#### What is required:
What is needed is a word-for-word copy of the lines below from the one with "Krieghoff Ultra Bockbüchsflinte" through the one with "Madagascar N° 279 N **", both included, with every picture left out.

#### Entries supplied:
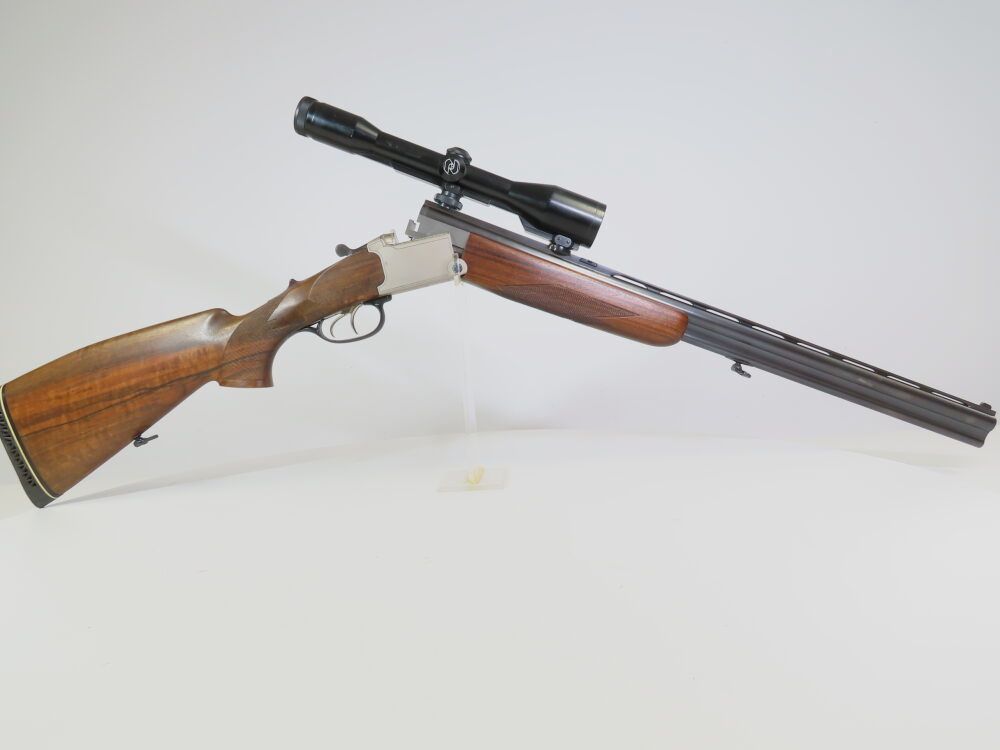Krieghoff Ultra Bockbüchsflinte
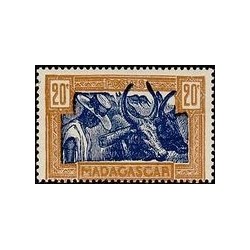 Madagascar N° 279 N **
--
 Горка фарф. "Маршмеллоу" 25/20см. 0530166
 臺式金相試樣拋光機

#### Solution to the exercise:
Krieghoff Ultra Bockbüchsflinte
 Madagascar N° 279 N **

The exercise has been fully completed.